In 1981 Smale asked Phyllis Weston, the city's foremost authority on Cincinnati artists, to begin putting together a collection for the P&G executive floor. Phyllis attended auctions and diligently traced and found Cincinnati paintings from around the country. The result was not merely another collection of Cincinnati art, but a group of paintings that includes masterpieces of American art in general.
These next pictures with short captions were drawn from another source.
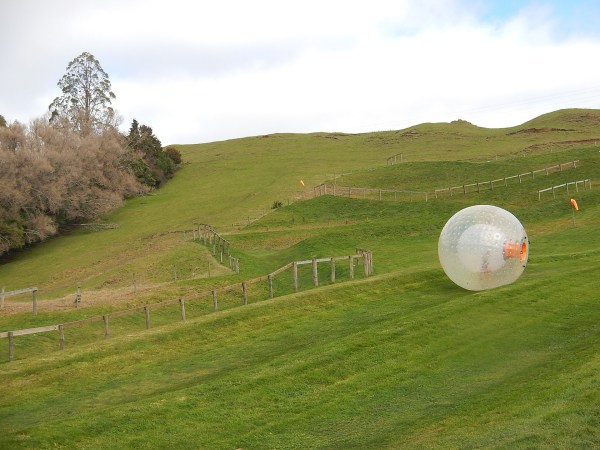 zorb-1532366_1920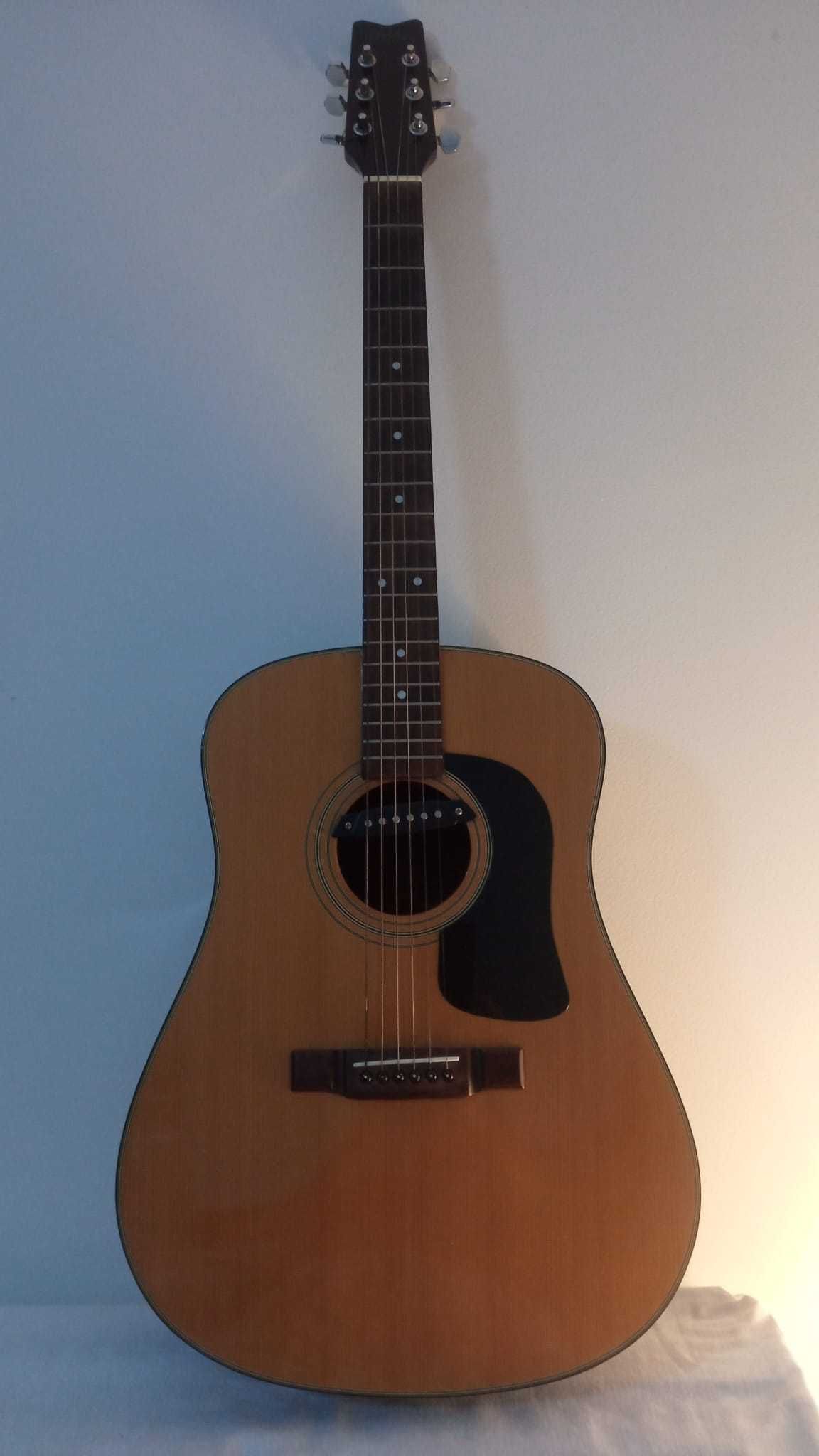 Guitarra Folk Washburn d-12n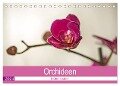 Blütenzauber Orchideen (Tischkalender 2024 DIN A5 quer), CALVENDO Monatskalender - Andrea Potratz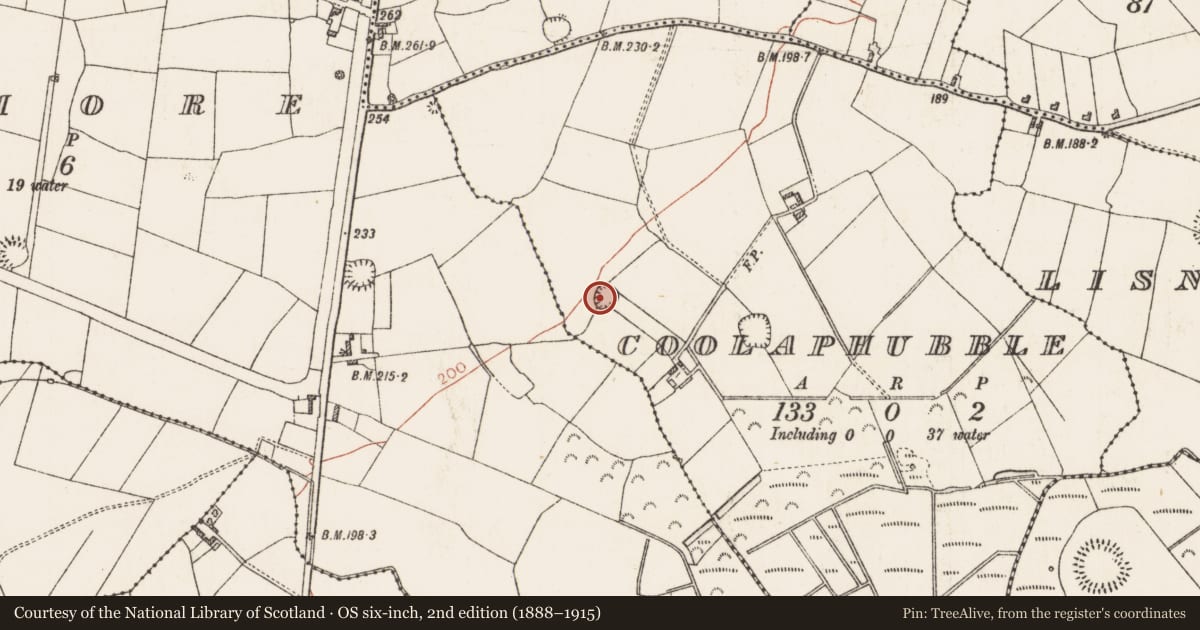 Ordnance Survey six-inch map, 2nd edition (1888–1915) covering the location of Ringfort - rath, Coolaphubble, County Roscommon, with a pin at the register's coordinates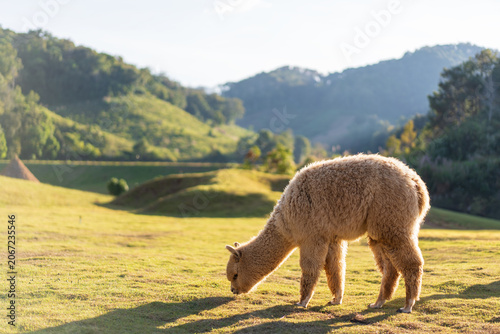 one alpaca grazing on lawn or field meadow and valley alone in agriculture alpacas farm livestock on nature park mountain and brown mammals animal life in cold city farmland at Mae Hong Son Thailand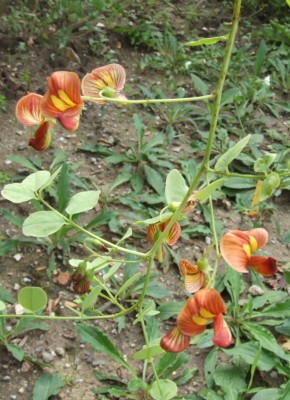 DSCF5952.JPG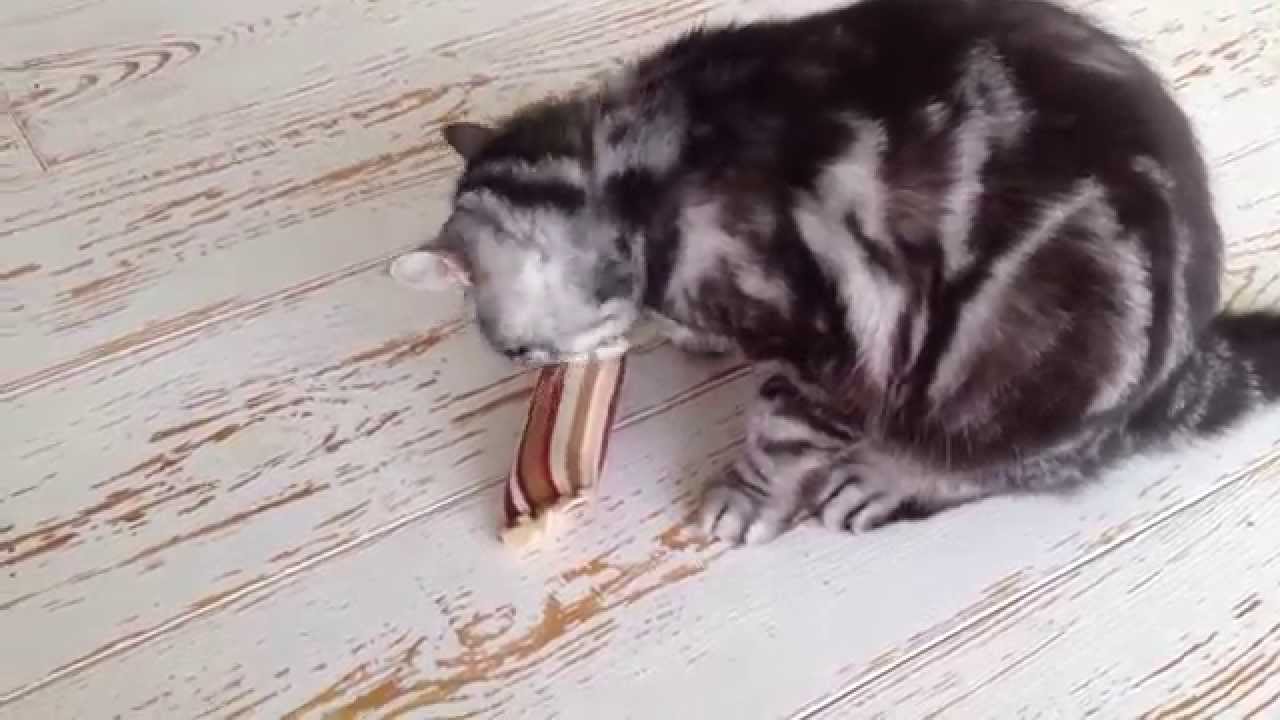おしゃれなモダンファブリックを使った猫のおもちゃ、けりぐるみ「モダンキッカー」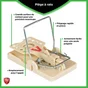 Lot de 2 tapettes anti-rats plastique PROTECT EXPERT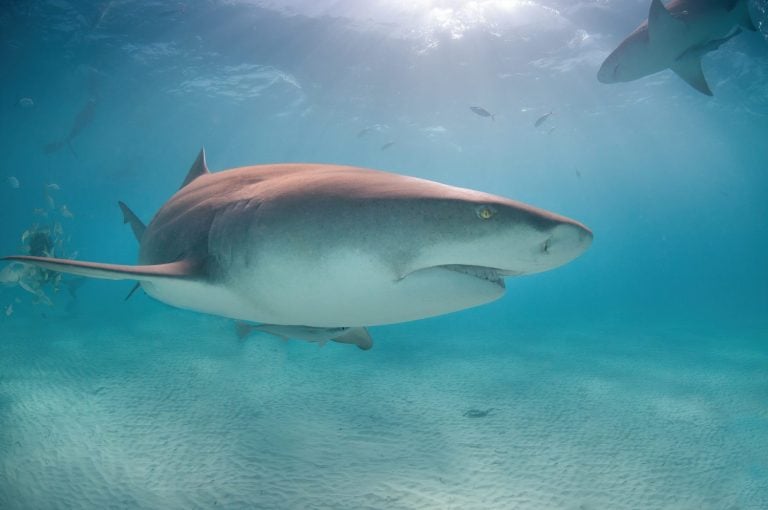 A large lemon shark cruises the ocean floor searching for food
Art history scholar William Gerdts says of the collection: "Here is a wonderful group of works by artists associated with Cincinnati, some superb painters of only local or regional reputation and others who are nationally celebrated. Indeed, some of these pictures by artists such as James Beard, Robert Blum, Elizabeth Nourse, and John Twachtman regularly appear in my own lectures as among the finest examples of the achievements of the those painters." Gerdts will provide further context to the collection when he lectures at the Taft Museum of Art on Thursday, March 22
The special exhibition of P&G paintings ranges from the earliest years of formal art training in Cincinnati, from the 1839 painting The Blue Hole, Little Miami River by Godfrey Frankenstein to a brightly colored still-life of a vase of Zinnias, painted about 1967, by Bessie Hoover Wessell. The paintings in the exhibition demonstrate the focus of Cincinnati artists on contemporary art trends in 19th-century Europe, in particular works by artists who traveled and were able to study this new art for themselves. (left: Charles A. Meurer (1865-1955), The Power of the Press, 1903, oil on canvas, 30 x 25 inches, The Procter & Gamble Co.)
One of the masterpieces in the exhibition is North Carolina Emigrants: Poor White Folks, a politically charged painting of 1845 by James Henry Beard with strong visual metaphors against western expansion and slavery. Two works in the exhibition are by Robert Scott Duncanson, who painted the famous murals that adorn the front hallway of the Taft Museum of Art. Duncanson's Pass at Leny is one of his best-preserved, most beautifully colored and lyrically symbolic paintings. Thomas Satterwhite Noble, who was brought to Cincinnati to direct the new McMicken School of Design (now the Art Academy of Cincinnati), is represented by one of the most powerful images of the consequences of slavery with Margaret Garner.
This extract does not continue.